PHP regex: split content

You have super powers, maybe you can help me with this regular expression.

I want to insert some content between some blocks. I’d like to split the content in an array.

This is an example of content generated by Wordpress:

<!-- wp:heading {"level":4} -->
<h4><em>More info: <a href="https://example.com">Some text for the link</a></em></h4>
<!-- /wp:heading -->

<!-- wp:paragraph -->
<p>Lorem ipsum dolor sit amet, consectetur adipiscing elit. Aliquam est diam, ultrices in tempor a, dignissim et neque.</p>
<!-- /wp:paragraph -->

<!-- wp:paragraph -->
<p>SLorem ipsum dolor sit amet, consectetur adipiscing elit. Aliquam est diam, ultrices in tempor a, dignissim et neque.</p>
<!-- /wp:paragraph --><!-- wp:heading -->
<h2>Neque porro quisquam est qui </h2>
<!-- /wp:heading -->



<!-- wp:paragraph -->
<p>Lorem ipsum dolor sit amet, consectetur adipiscing elit. Aliquam est diam, ultrices in tempor a, dignissim et neque.</p>
<!-- /wp:paragraph -->

<!-- wp:paragraph -->
<p>Cras ullamcorper luctus felis vitae lobortis. Fusce ut aliquam elit. Proin malesuada arcu sit amet ullamcorper auctor.</p>
<!-- /wp:paragraph -->

Output should be something like:

Array
(
    [0] => 
<!-- wp:heading {"level":4} -->
<h4><em>More info: <a href="https://example.com">Some text for the link</a></em></h4>
<!-- /wp:heading -->

    [1] => 
<!-- wp:paragraph -->
<p>Lorem ipsum dolor sit amet, consectetur adipiscing elit. Aliquam est diam, ultrices in tempor a, dignissim et neque.</p>
<!-- /wp:paragraph -->

    [2] => 
<!-- wp:paragraph -->
<p>SLorem ipsum dolor sit amet, consectetur adipiscing elit. Aliquam est diam, ultrices in tempor a, dignissim et neque.</p>
<!-- /wp:paragraph -->

    [3] =>
<!-- wp:heading -->
<h2>Neque porro quisquam est qui </h2>
<!-- /wp:heading -->

    [4] => 
<!-- wp:paragraph -->
<p>Lorem ipsum dolor sit amet, consectetur adipiscing elit. Aliquam est diam, ultrices in tempor a, dignissim et neque.</p>
<!-- /wp:paragraph -->

    [5] => 
<!-- wp:paragraph -->
<p>Cras ullamcorper luctus felis vitae lobortis. Fusce ut aliquam elit. Proin malesuada arcu sit amet ullamcorper auctor.</p>
<!-- /wp:paragraph -->

The following is a regex used in the Wordpress core to extract data from these blocks but I’m not sure how to adapte it:

(?P<closer>\/)?wp:(?P<namespace>[a-z][a-z0-9_-]*\/)?(?P<name>[a-z][a-z0-9_-]*)\s+(?P<attrs>{(?:(?:[^}]+|}+(?=})|(?!}\s+\/?-->).)*+)?}\s+)?(?P<void>\/)?

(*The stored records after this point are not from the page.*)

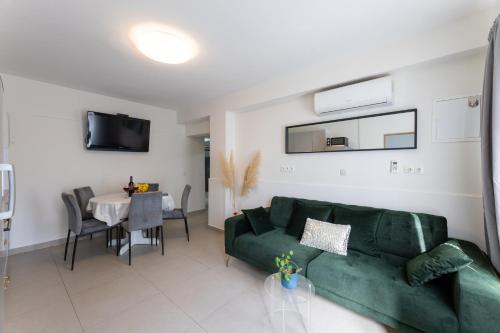 Anamaria Apartment - Just Steps from the Beach
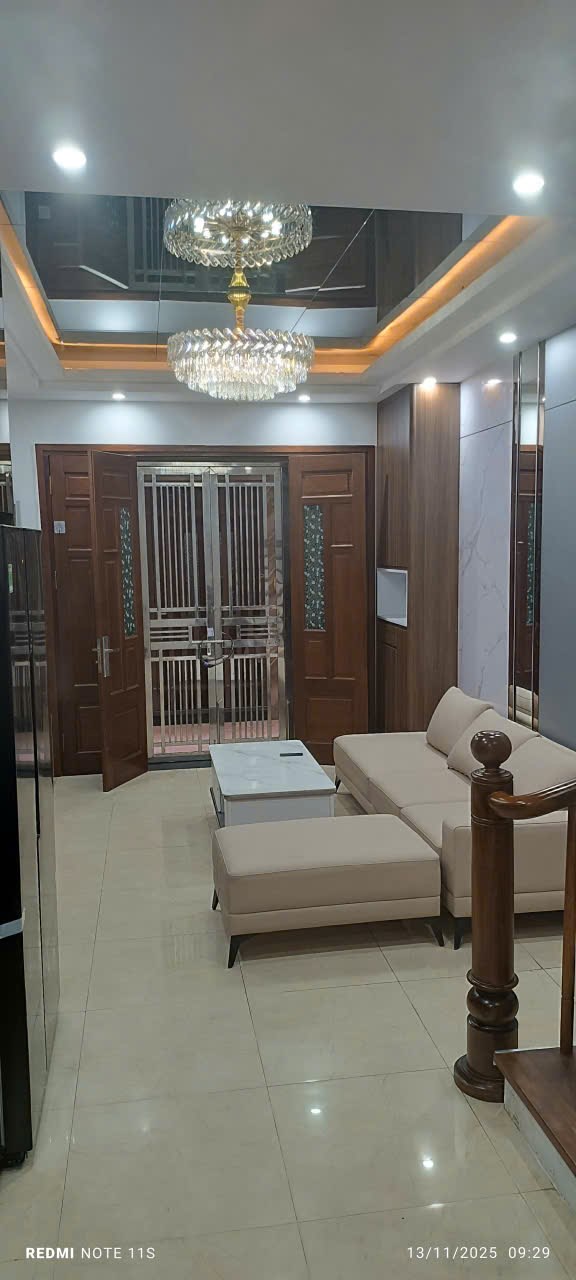 Bán nhà 5 tầng 34m² ngõ 1194 đường Láng, Đống Đa - Thiết kế hiện đại, đầy đủ nội thất!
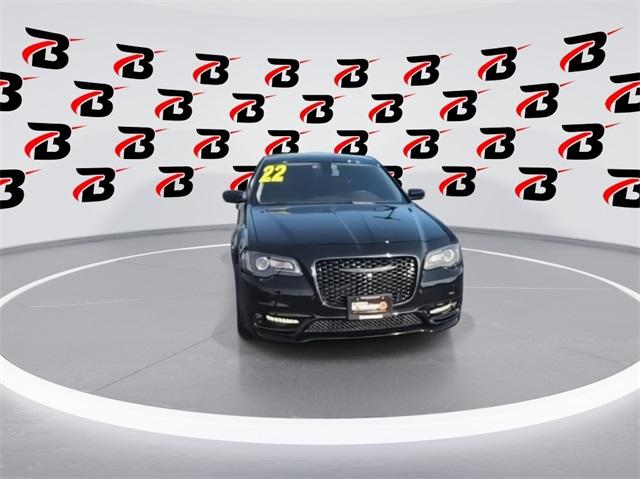 2022 Chrysler 300 Touring L AWD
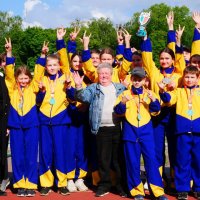 Команда спортсменів та тренер
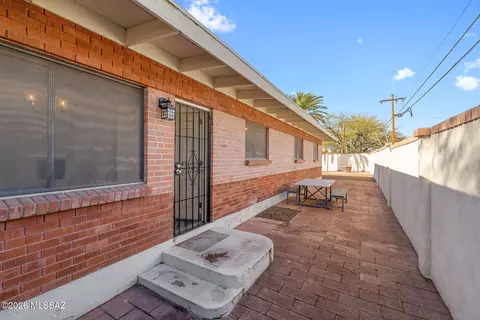 Exterior - 2439 E 8th St, Tucson, AZ 85719 photo 3 of 10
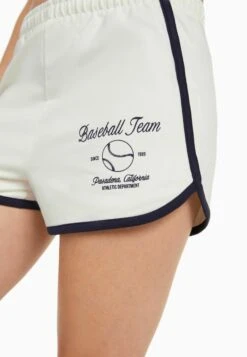 BERSHKA PRINTED WITH TRIMS - PLUSH - Szorty - Beige -Ulla Popken Sklep 1b284dd330f640caa3b4b49a35526c0e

After converting to an array, I will be free to insert more content.

Thank you.

What language are you using? In Python, I know you can just make an array from all matches. Does this exist in your language? Maybe just match something like

<!-- wp:.*? -->.*?<!-- \/wp:.*? -->

and let . match newlines.

1 Like

Actually, this looks like js. So, I guess:

var regex = /<!-- wp:.*? -->.*?<!-- \/wp:.*? -->/sg;
var outputArray = inputString.match(regex);
1 Like

Awesome @mwt! Thank you very much.

I’ve seen another case than can exists:

<!-- wp:heading {"level":4} -->
<h4><em>More info: <a href="https://example.com">Some text for the link</a></em></h4>
<!-- /wp:heading -->

<!-- wp:paragraph -->
<p>Lorem ipsum dolor sit amet, consectetur adipiscing elit. Aliquam est diam, ultrices in tempor a, dignissim et neque.</p>
<!-- /wp:paragraph -->

There is some additional content here too.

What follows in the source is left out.